TRA pulls its viewing and purchasing data from a database of 370,000 households. Forty-five major brands make allocation decisions based on the TRA data.
That car manufacturers are well suited to March Madness happily coincides with the buying power of the category. Per Kantar Media estimates, automotive accounted for $155.9 million of last year’s NCAA tourney spend, or 21 percent of the $738 million in ad revenue shared by CBS and Turner Sports.
“From a purchase-intent standpoint, CBS and Turner are delivering the right audience for March Madness,” Lieberman said. “The data very much justifies the investment by the automakers.”
After cutting back its spend in 2010, General Motors returned to the tournament with a vengeance, topping all sponsors with a $57.9 million investment, or about $10 million more than the previous year. An official NCAA corporate partner, GM is once again showcasing its Buick marque with :30s and a presenting sponsorship of the Inside March Madness postgame show.
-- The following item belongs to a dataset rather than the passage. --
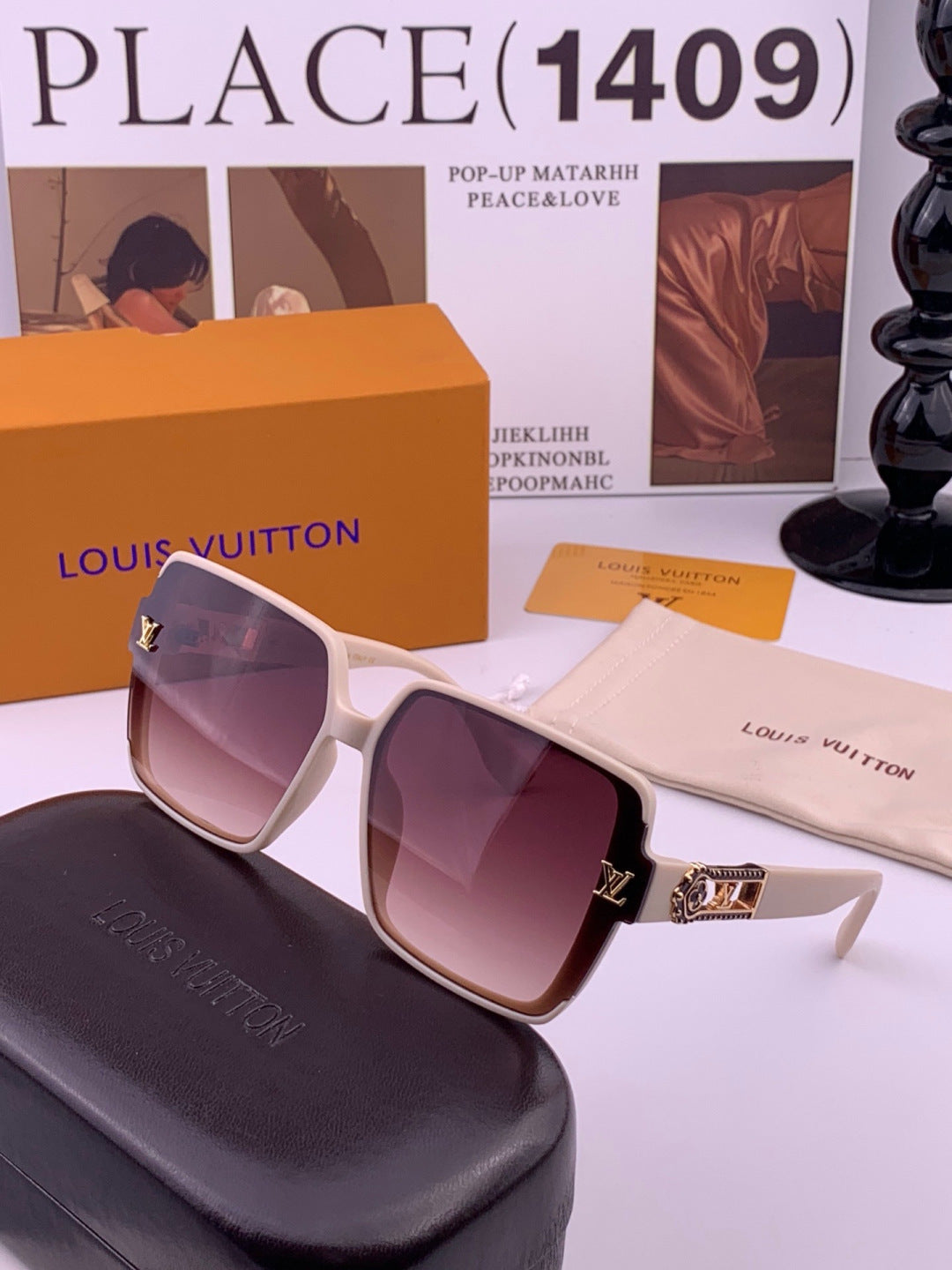 Louis Vuitton L77004 Oversized Purple Lens Sunglasses for Men & Women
Per TRA data, Buick truck owners are more likely to watch March Madness than any other auto consumer. Ownership is defined by a relevant brand purchase made between 2008 and 2012.
Along with GM, nearly every major auto manufacturer is being represented in the 2012 tourney, a roster that includes Chrysler, Ford, Honda, Infinity, Mazda, Mercedes and Volkswagen.
NCAA corporate sponsors are also showing up in force. In March, Allstate signed a multiyear pact with collegiate sports’ governing body, following on the heels of a similar deal made by Northwestern Mutual. The insurance companies join legacy NCAA partners like Buick, Enterprise Rent-A-Car, Infinity, Kraft and Unilever, as well as the so-called “Corporate Championship” sponsors: AT&T, Capital One and Coca-Cola.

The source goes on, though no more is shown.